What you need to do:
All the records that follow need to be reproduced exactly. Omit the images.
Segment Start: Source data
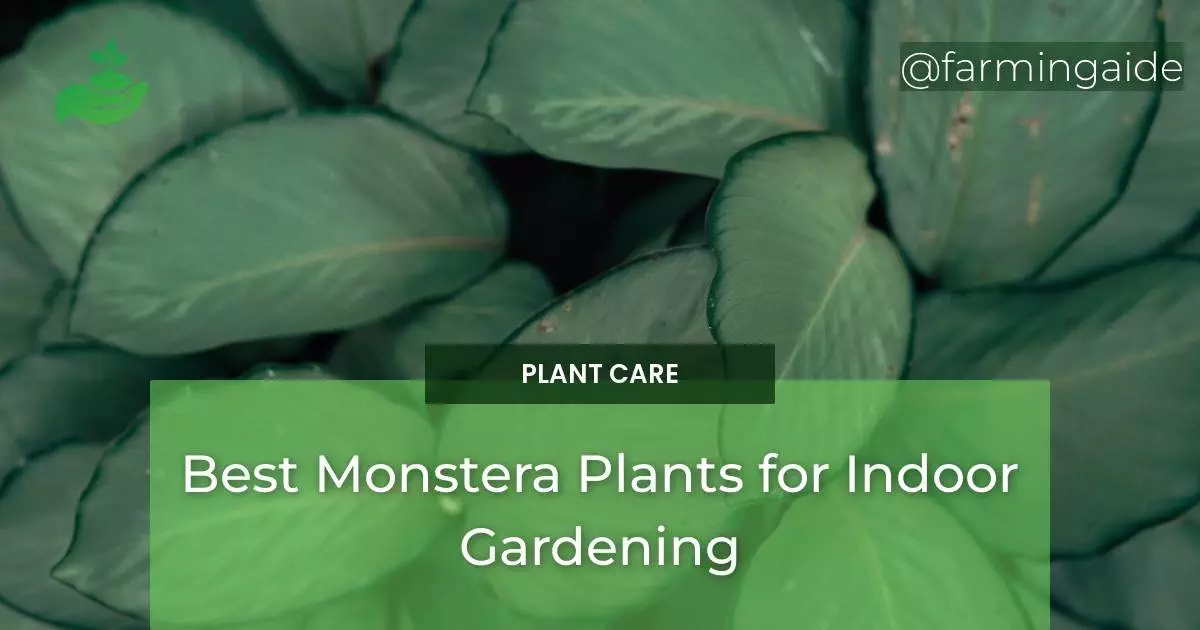 Best Monstera Plants for Indoor Gardening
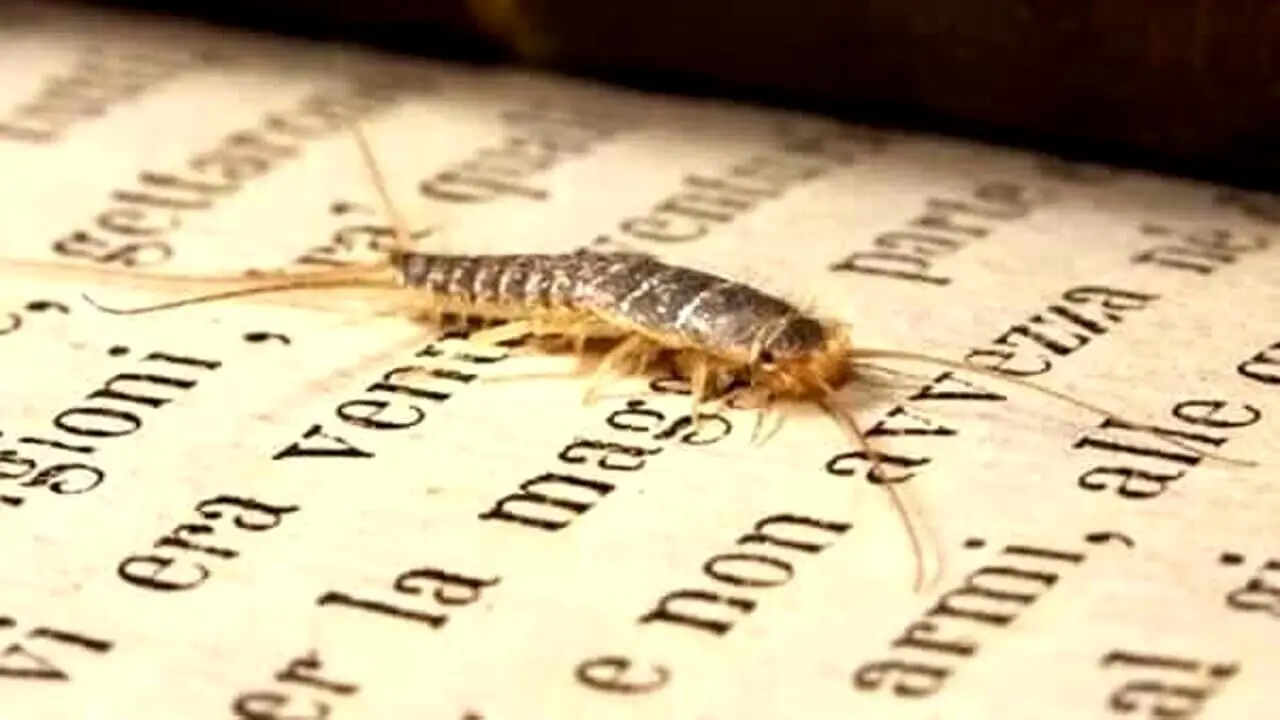 Se trovi uno di questi insetti in casa devi chiamare la disinfestazione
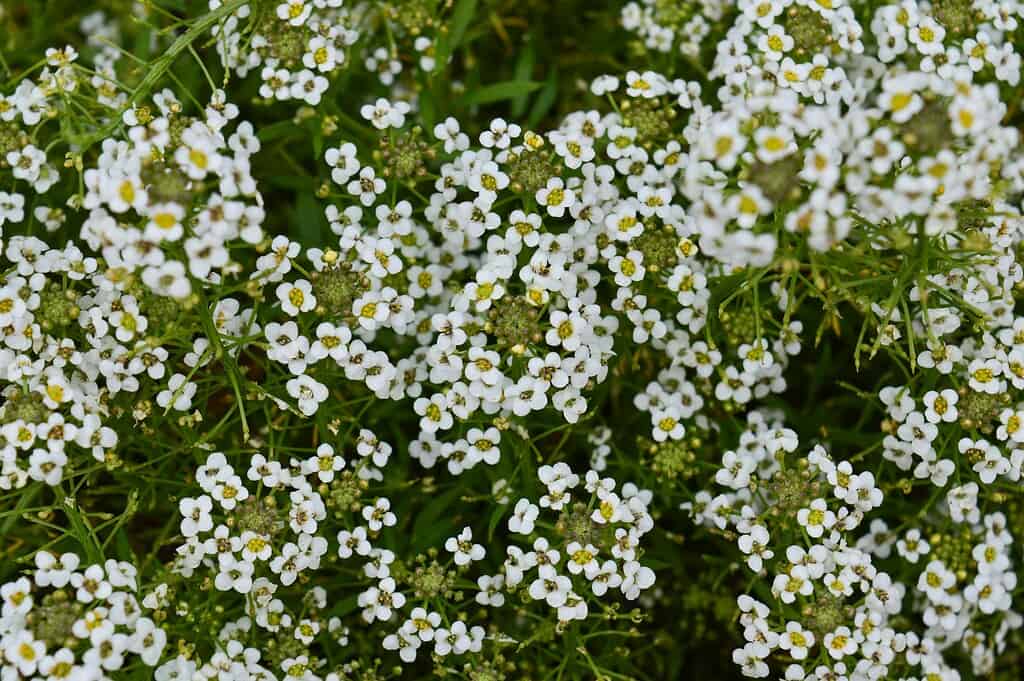 White sweet alyssum flowers

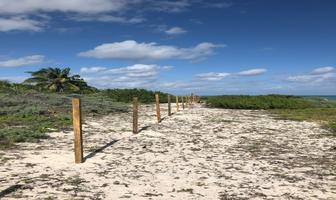 Foto de inmueble en  , Col. Tulum Centro C.P. 77760, Tulum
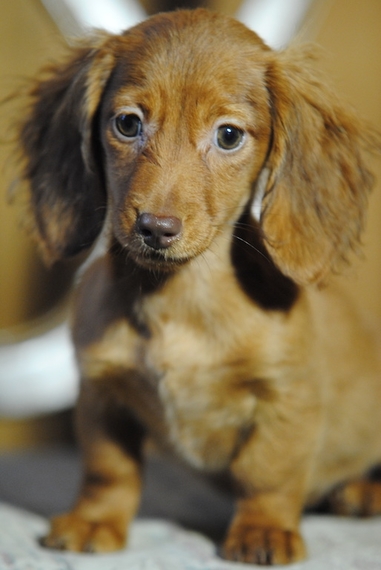 Myah Dachshund Puppy 622430 Puppyspot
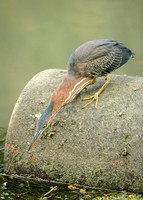 Green Heron Butorides striatus virescens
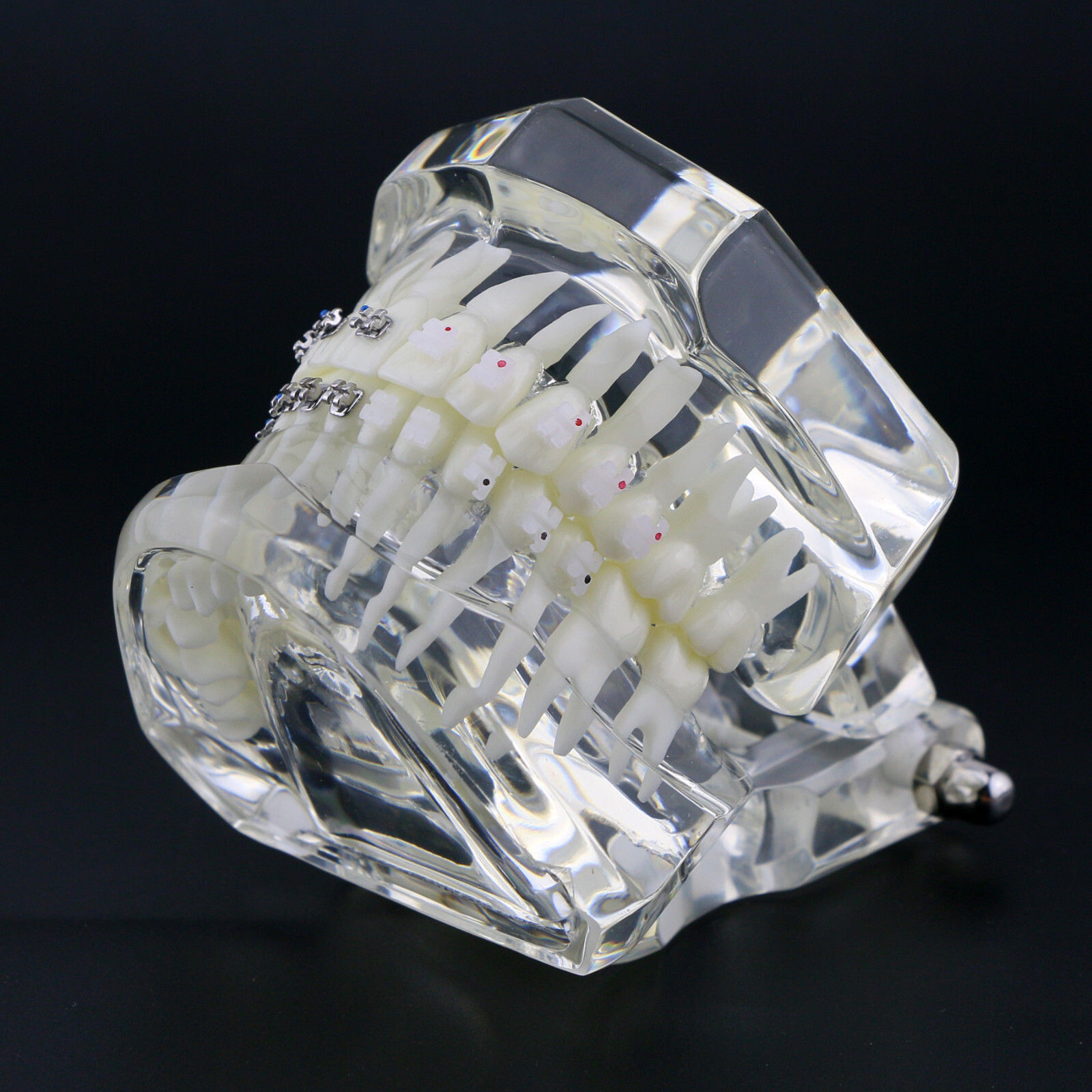 Dental High Quality Material Transparent 3003 Teeth Models With Metal Ceramic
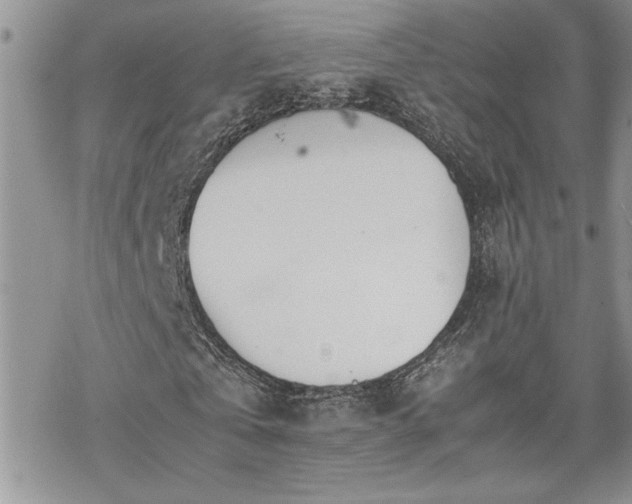 X0000070380769200606121252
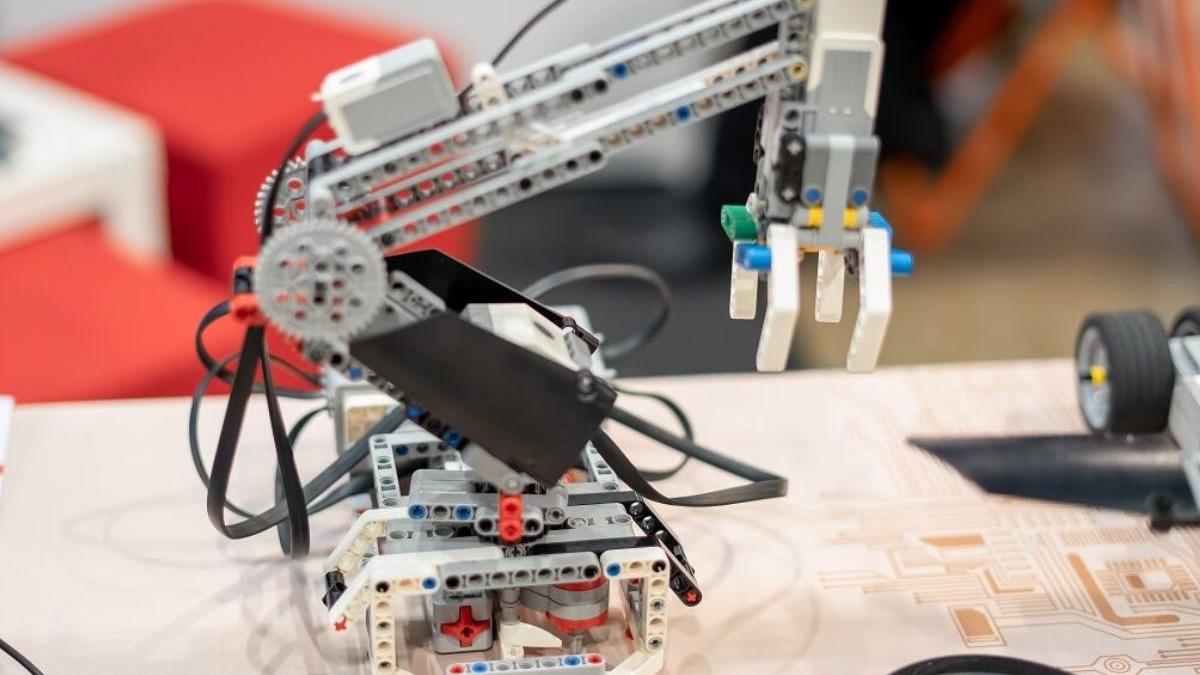 concurs eveniment tineri talentati romania senatul stiintific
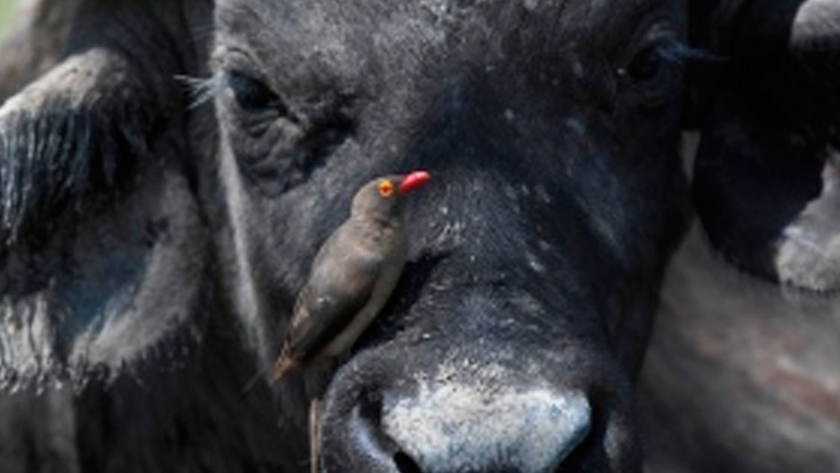 Buscan ampliar la producción de leche de búfala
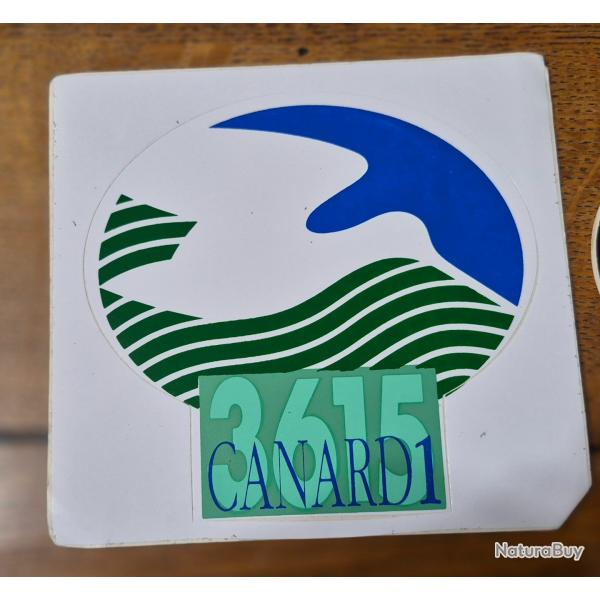 Autocollant chasse  , gibier d'eau ,  canard 1 ,becassine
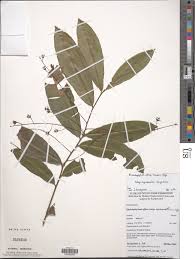 Image result for Rhabdophyllum welwitschii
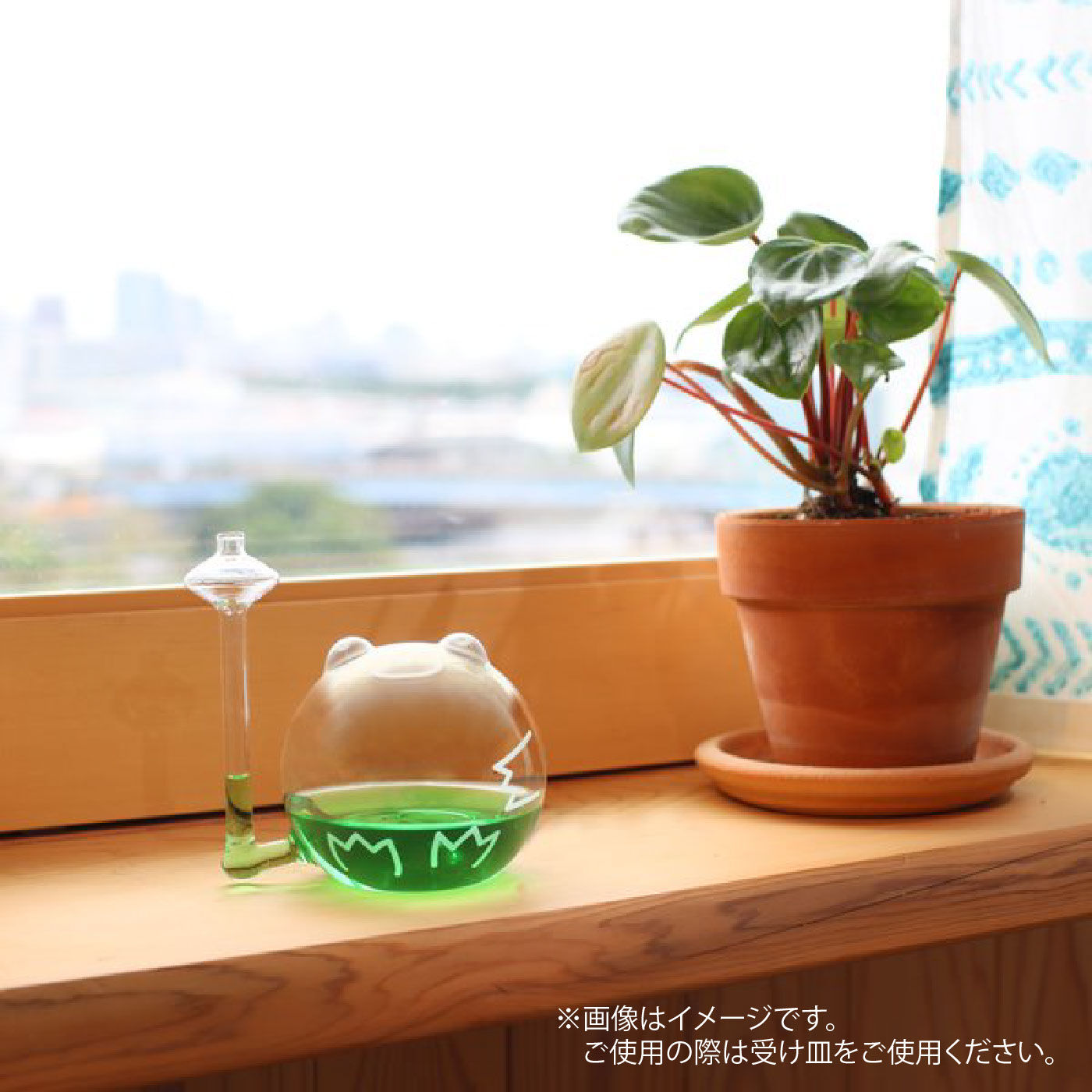 FELISSIMO PARTNERS|雨が降るケロ？　天気を占うフロッグウエザーボール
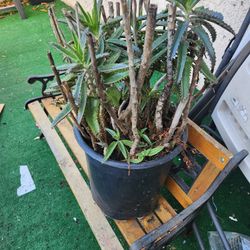 Mother Of Thousands Succulent 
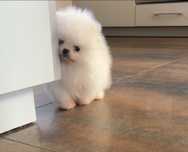 Mini xs chlopiec bialy szpic miniaturowy pomeranian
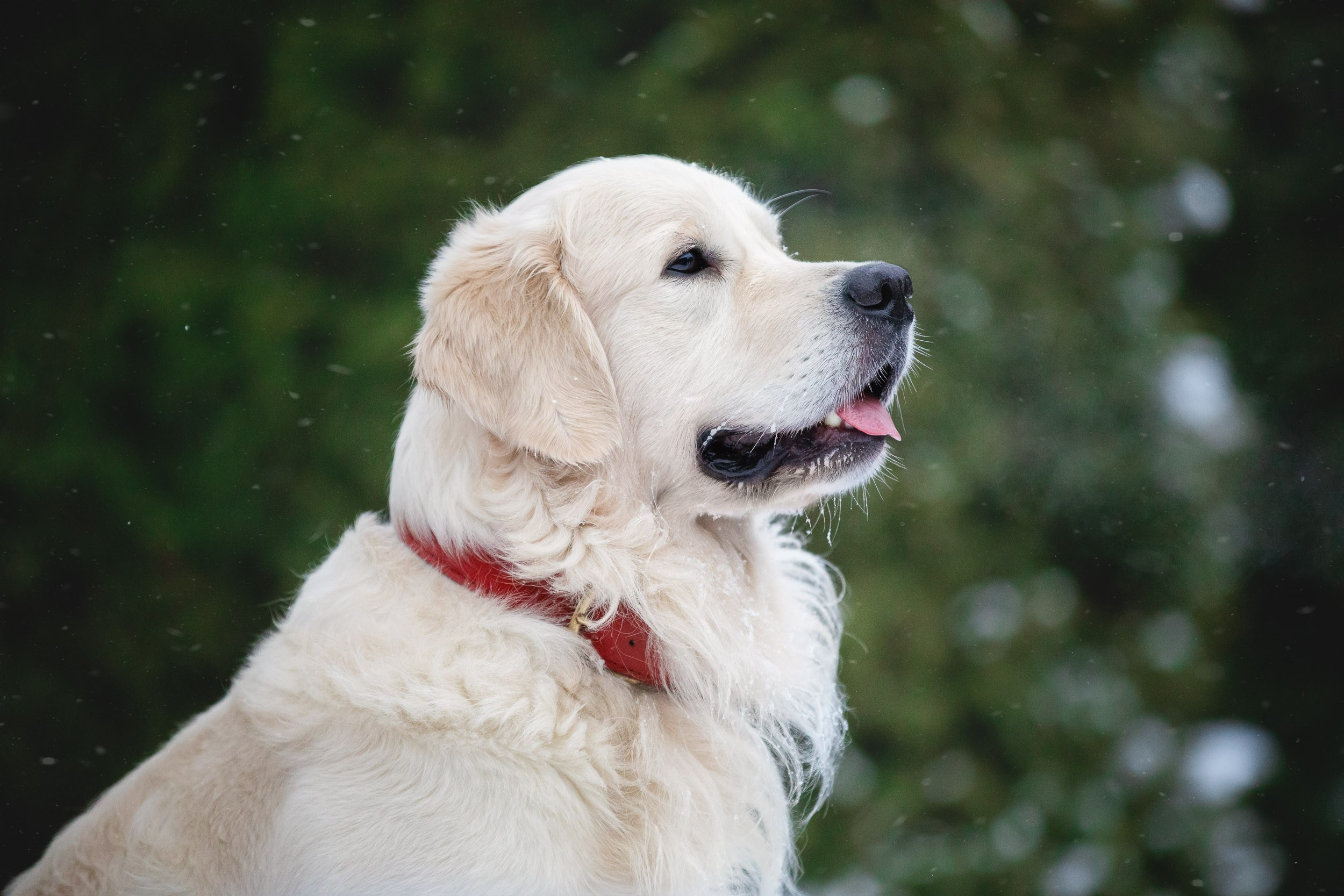 Фотосессия хозяина и ретривера. Фотограф-анималист в Москве и Московской области Татьяна Фролова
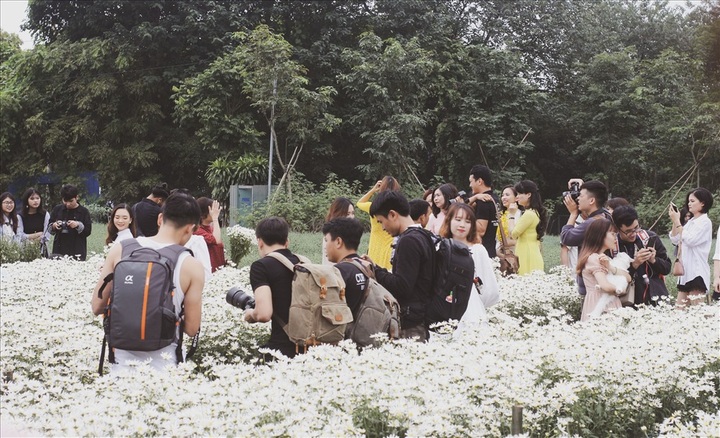 Hanoians flock to daisy garden for photos - 3
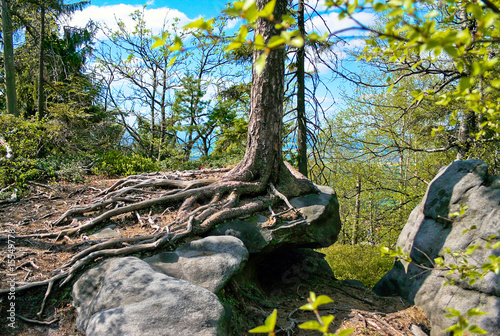 Cuadro en lienzo Spruce roots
Segment End: Source data
Response box:
 Best Monstera Plants for Indoor Gardening
 Se trovi uno di questi insetti in casa devi chiamare la disinfestazione
 White sweet alyssum flowers

 Foto de inmueble en  , Col. Tulum Centro C.P. 77760, Tulum
 Myah Dachshund Puppy 622430 Puppyspot
 Green Heron Butorides striatus virescens
 Dental High Quality Material Transparent 3003 Teeth Models With Metal Ceramic
 X0000070380769200606121252
 concurs eveniment tineri talentati romania senatul stiintific
 Buscan ampliar la producción de leche de búfala
 Autocollant chasse  , gibier d'eau ,  canard 1 ,becassine
 Image result for Rhabdophyllum welwitschii
 FELISSIMO PARTNERS|雨が降るケロ？　天気を占うフロッグウエザーボール
 Mother Of Thousands Succulent 
 Mini xs chlopiec bialy szpic miniaturowy pomeranian
 Фотосессия хозяина и ретривера. Фотограф-анималист в Москве и Московской области Татьяна Фролова
 Hanoians flock to daisy garden for photos - 3
 Cuadro en lienzo Spruce roots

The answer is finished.